The other day while I was at our Hawaii Kai dive shop getting signed up to intern a couple of classes one of the instructors that I had for one of my classes a couple months ago asked me if I was ready to be a Divemaster. When I said yes, he walked away shaking his head. This has bothered me ever since, at the time making me very upset.
Another instructor stated that I needed to be signed off on setting up a dive site, to which I stated that I already had completed that part of the training the previous week and was already signed off on it with a near-perfect score (44/45 points). He asked where I did it and I told him on the North Shore on a shore dive and he said that doesn’t count because I did not have to tie off a boat at a mooring during the dive site setup, so he asked who the instructor was. When I told him that I chose to work with Michelle at the Scofield Barracks location because I knew her longer he said “isn’t she a new instructor?” smirking and walking away.
A DMC can work with ANY PADI Instructor on their course requirements, another reason I chose her is because she is a fairly new instructor, completing her Instructor Development Course at the beginning of this year. To become an instructor she had to perform all of the skill requirements that I am required to perform, all to demonstration quality as I have to perform them. So I knew that her demonstration quality skills would be sharper than an instructor that had to perform theirs years ago that may have become lax in their quality over the years. I also know that the examination is performed in front of PADI Instructors who are coming from the mainland and since she had recently performed hers in front of them, she may be able to give me some tips as to what they are looking for now that may help me with my testing.
The one that really ticked me off was when an instructor the other night said that he was worried that I was rushing through my training. This same instructor was taking his Divemaster training when I was taking my Rescue Diver course, and now not quite two months later he is already an Open Water Scuba Instructor! In the past month and a half he has completed Divemaster, Instructor Development Course (IDC), and this past weekend he completed the Instructor examination and is already teaching new students. PADI requires that a new instructor wait until they have received their certification and have it in-hand, which takes about a month, before they start teaching classes. Yet somehow the very next day after he finishes his testing he is teaching an Open Water Diver class, before PADI even has a chance to start processing his certification. The comment that I seem to be rushing my training, coming from him of all people, really got to me, I have almost as many dives in as he does.
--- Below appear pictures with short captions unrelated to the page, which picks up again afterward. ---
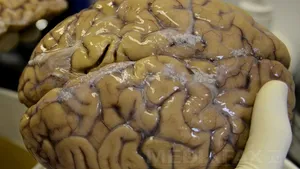 Primul creier uman aproape complet format, obţinut în laborator, în Statele Unite ale Americii
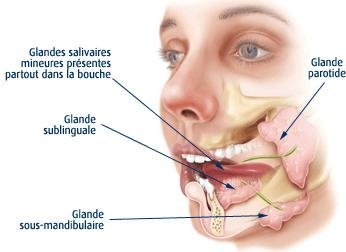 Pathologies des glandes salivaires - orl.nc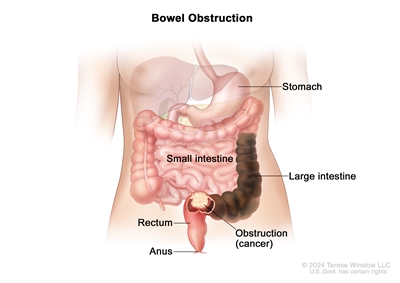 Effective Ways to Poop After Imodium: Discover Practical Solutions for Relief in 2025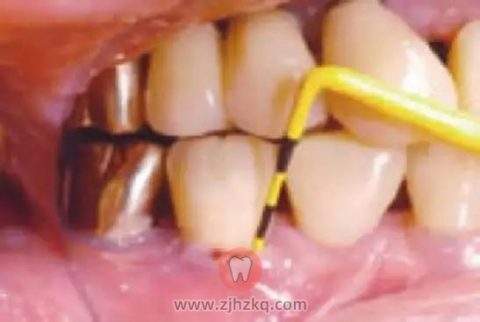 种植牙要定期找牙科医生进行专业护理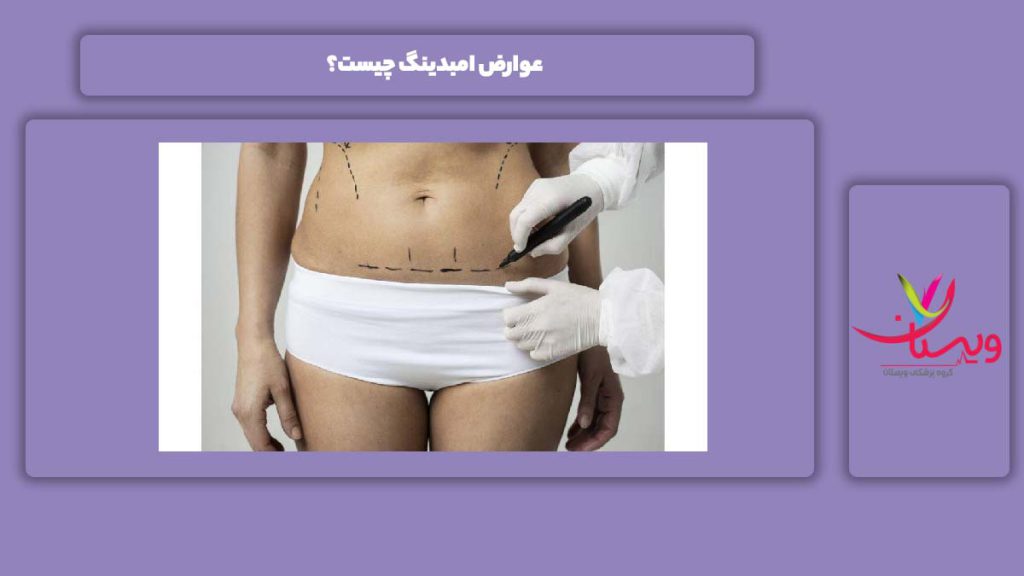 ضررهای انجام امبدینگ با امبدینگ چند کیلو لاغر می شویم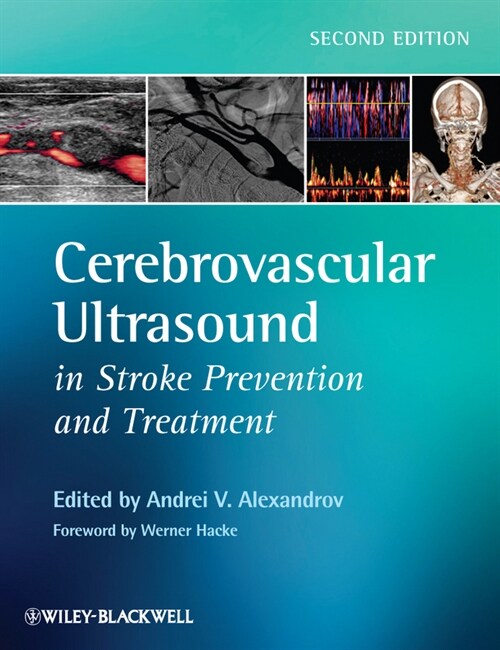 [eBook Code] Cerebrovascular Ultrasound in Stroke Prevention and Treatment (eBook Code, 2nd)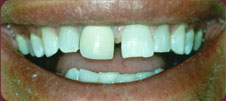 Gap before procedure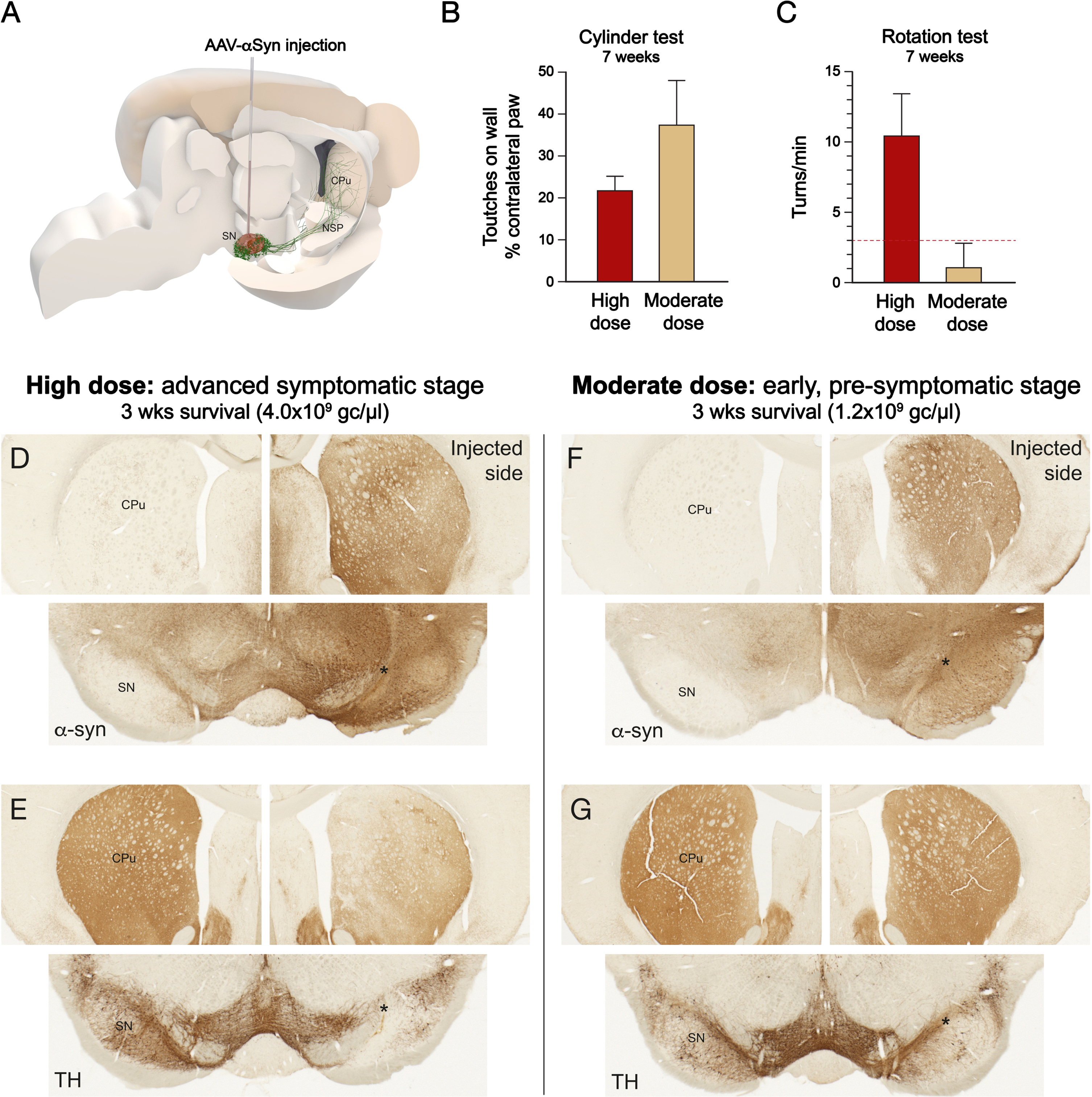 Selection of vector dose for the pre-symptomatic and advanced, symptomatic versions of the intranigral AAV-α-synuclein model, induced by a single, unilateral injection into the substantia nigra (A). A high vector dose is required to induce neurodegenerative pathology associated with a significant impairment in paw use and amphetamine-induced turning, as determined in this case at 7 weeks post-injection (B,C). At this dose the vector-derived human α-synuclein is expressed at a high level throughout substantia nigra (SN), along the axons in the nigrostriatal pathway (NSP) and in the terminals in the caudate-putamen (CPu) (D), and it induces already at 3-4 weeks a loss of at least 25–30% of the TH+ nigral neurons, and a corresponding loss of TH+ innervation in the striatum (E). At the moderate, 3-fold lower dose, TH+ cell number and TH+ striatal innervation is unaffected, or at most marginally reduced (at most 20–25%) when assessed at 3 weeks post-injection (G). TH+ cell loss may develop at longer survival times, 12–24 weeks, but the animals remain essentially non-symptomatic at shorter survival times (B,C). Importantly, to match the requirements for a prodromal level of synuclein pathology the vector-derived α-synuclein should cover a large part of the substantia nigra and be expressed at high level in the striatal terminals, most importantly in the motor-related dorsolateral part of the head of the caudate-putamen (F). Dashed line in C represents the threshold rate, 3 turns/min, commonly used to signify a significant motor impairment in the amphetamine rotation test. (Own original data).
Michelle made the comment last night that the Hawaii Kai shop is in one of the most challenging areas to operate a dive shop because of the strong currents that are there year round. That’s why I am grateful that almost all of my dives have been out of that dive shop. The South East Coast of Oahu has some ripping currents year round that we have to deal with, which is why we do so much drift diving down there. Almost all of my dive training has been in those currents, which I feel has made me a better diver and a better DMC.
I feel like I am being targeted and harassed because I chose to pay cash for my training myself instead of going through their “Hawaii Scuba University” (HSU) eight week course and letting the government pay for my Divemaster training which they would receive more money for. When I paid for my Divemaster course I was told that if I go through HSU for the course, it was a scheduled eight week course, and I would be required to meet at the Hickam shop two nights a week, but if I paid for it myself instead of letting the VA pay for it, I complete it on MY schedule, so that is what I chose to do. However after paying them the money, that’s not how it has been working out. I wanted to start my DMC course on April 3rd, right after receiving the Master Scuba Diver certification, however I kept getting put off every time I asked the instructors about how to get it started. I kept getting told that I had to wait until the next HSU class started, to which I would reply that I am not part of HSU and am not bound to their schedule and that I complete everything on my own schedule.
I was finally able to get the course started by taking it upon myself to ask Michelle to start working with me on the course and my internships because no one at the Hawaii Kai shop seemed to be interested in it. But even now I still run into problems with getting skills checked off because since I am not part of the HSU program and am doing it on my own schedule, I don’t have access to a pool for my skills. I will have to perform them out in the ocean and deal with surge and silt getting kicked up while I try to do the equipment exchange skill. I feel that I am clearly being discriminated against because I chose to pay for the class myself instead of letting the government pay a higher price for the exact same training.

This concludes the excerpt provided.